**EXERCISE PROMPT:**
What you return must match the listing below character for character, minus any pictures.
*** TASK INPUT ***
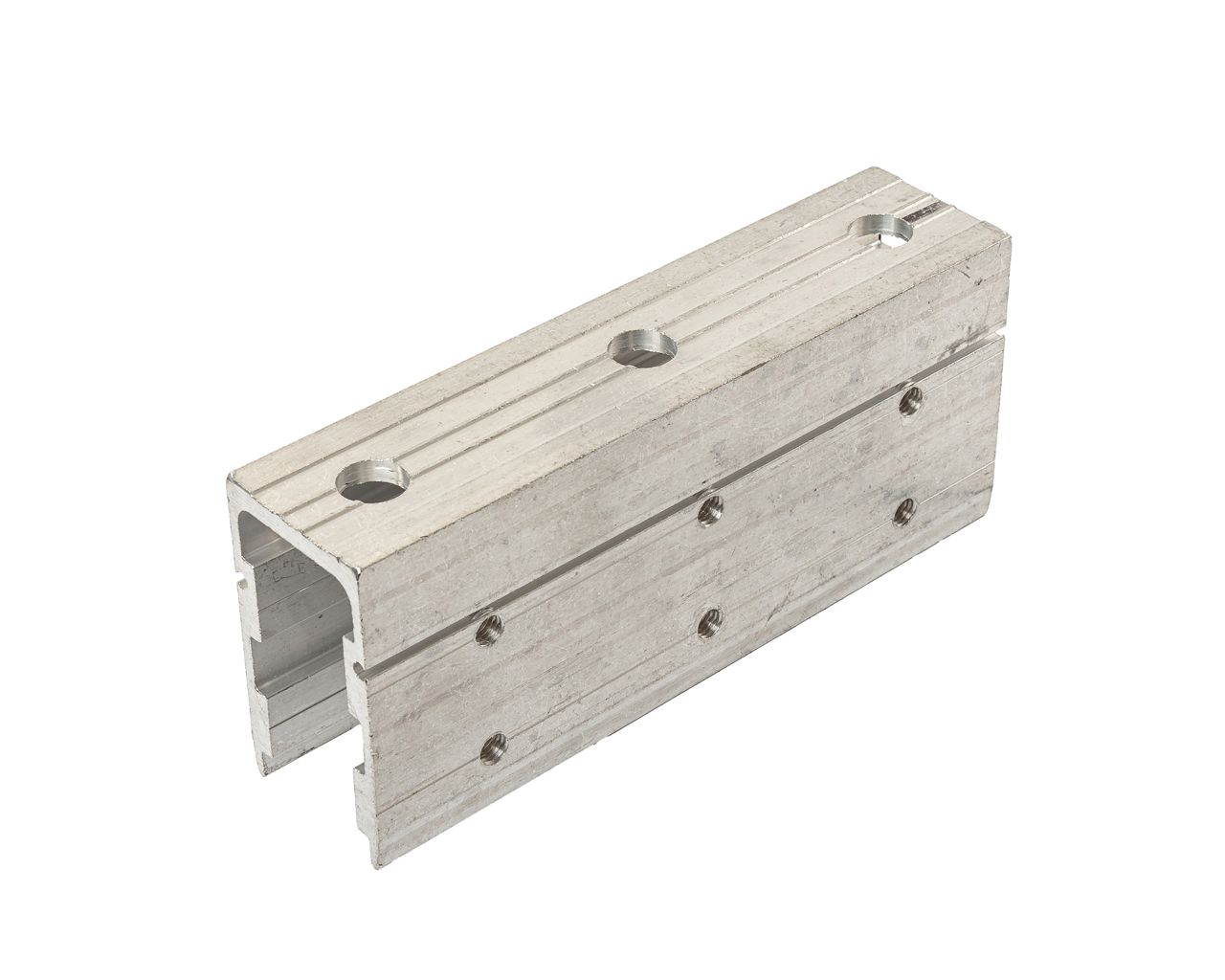 Т-соединитель усиленный  179 мм. Рис. 3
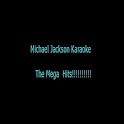 Michael Jackson Karaoke logo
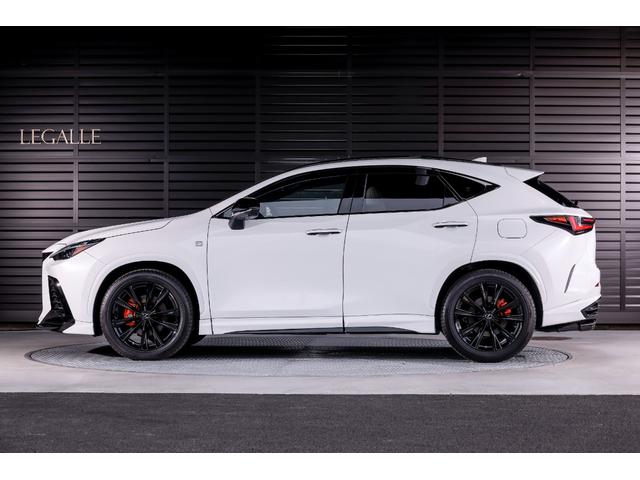 ＮＸ ＮＸ３５０ｈ　Ｆスポーツ（38枚目）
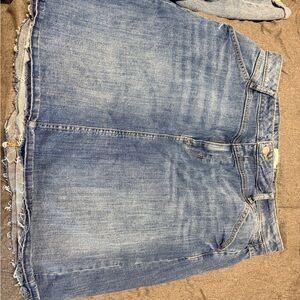 Sonoma Blue Denim Jeans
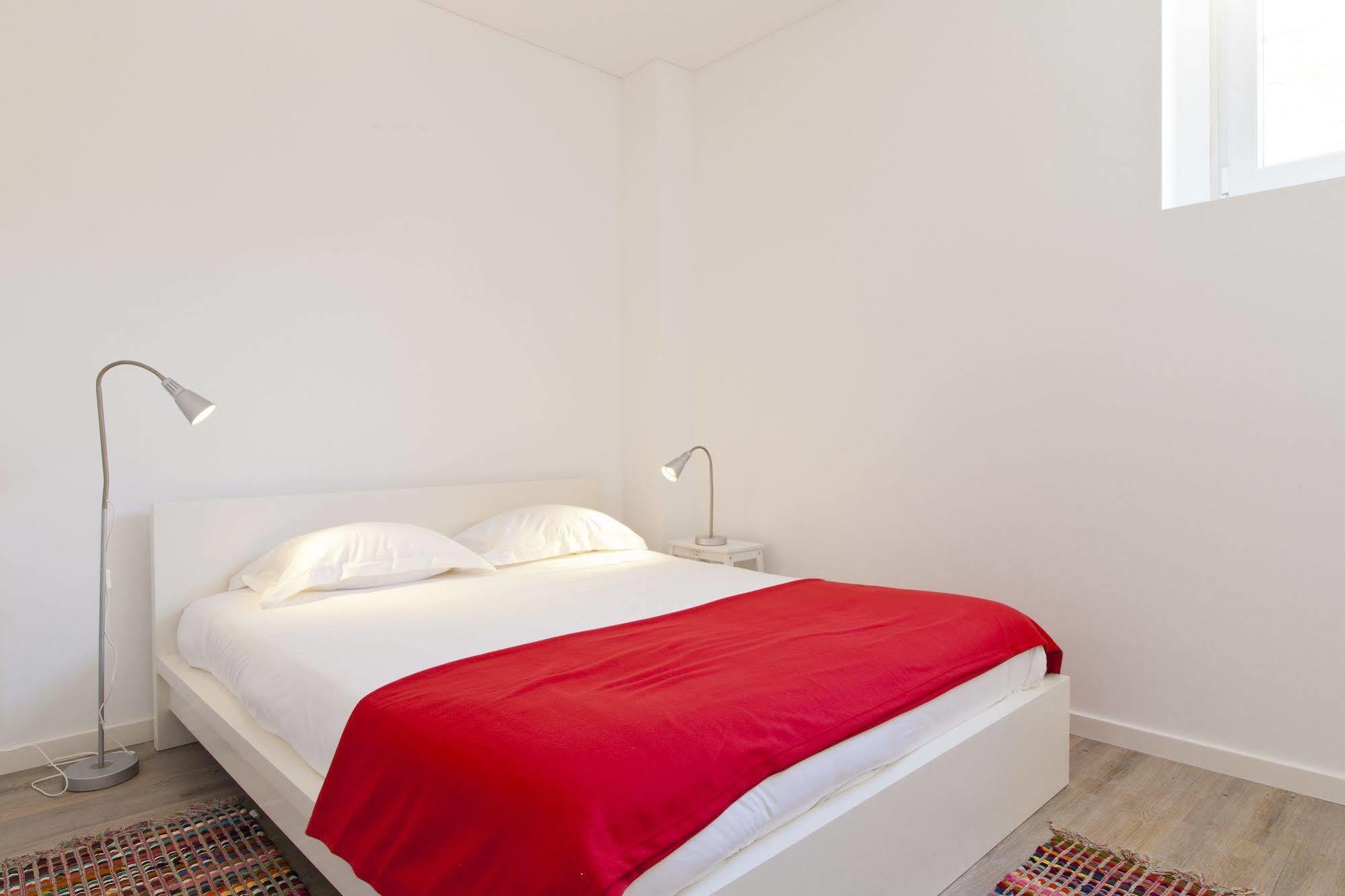 City Stays Principe Real Apartments ลิสบอน ภายนอก รูปภาพ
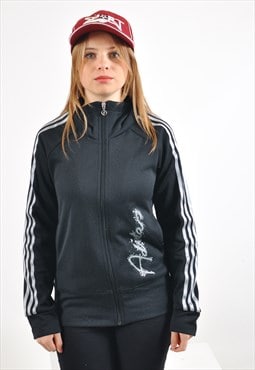 Vintage 90's ADIDAS track jacket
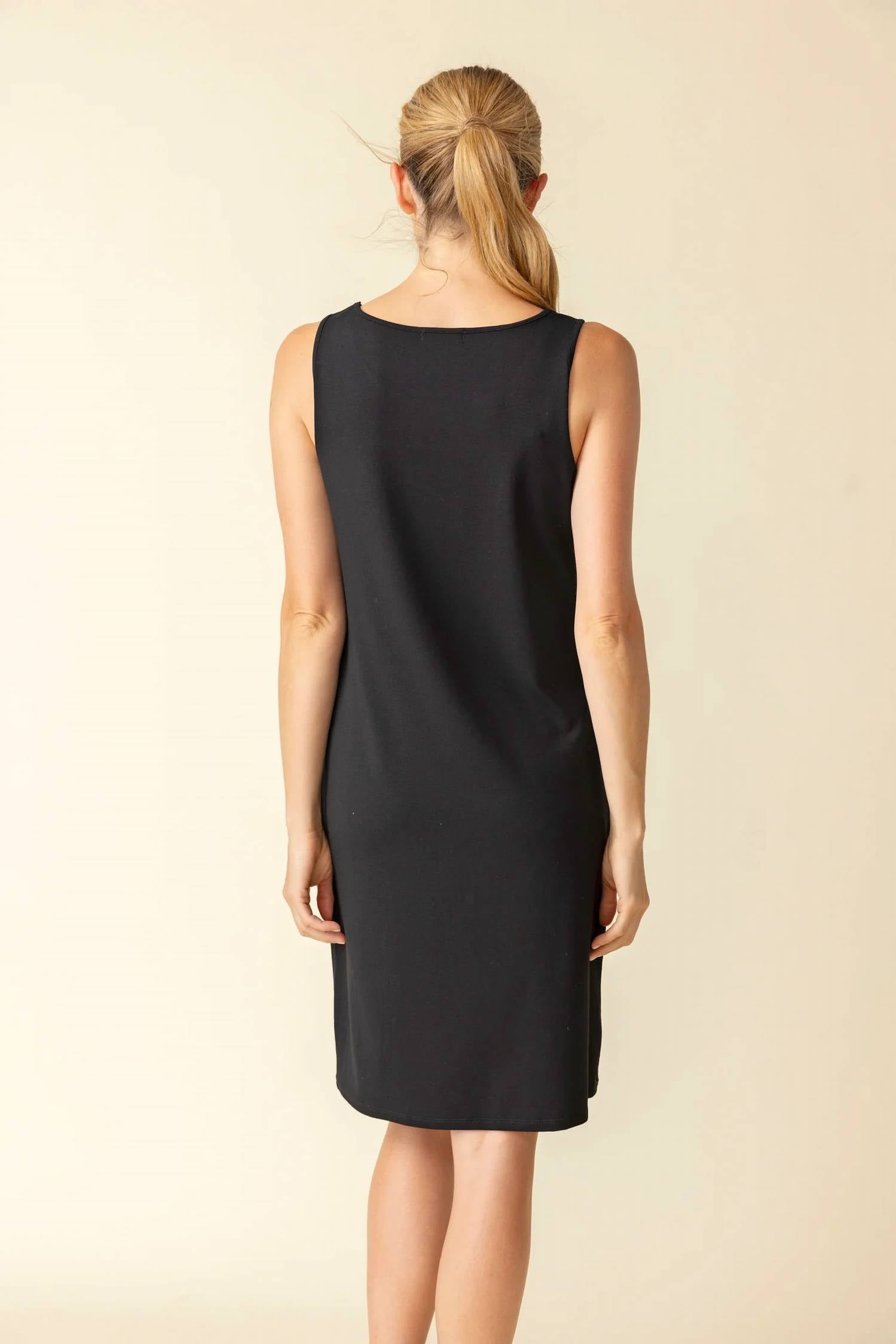 Habitat - Everything Short Dress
*** End of TASK INPUT ***
**YOUR SOLUTION:**
 Т-соединитель усиленный  179 мм. Рис. 3
 Michael Jackson Karaoke logo
 ＮＸ ＮＸ３５０ｈ　Ｆスポーツ（38枚目）
 Sonoma Blue Denim Jeans
 City Stays Principe Real Apartments ลิสบอน ภายนอก รูปภาพ
 Vintage 90's ADIDAS track jacket
 Habitat - Everything Short Dress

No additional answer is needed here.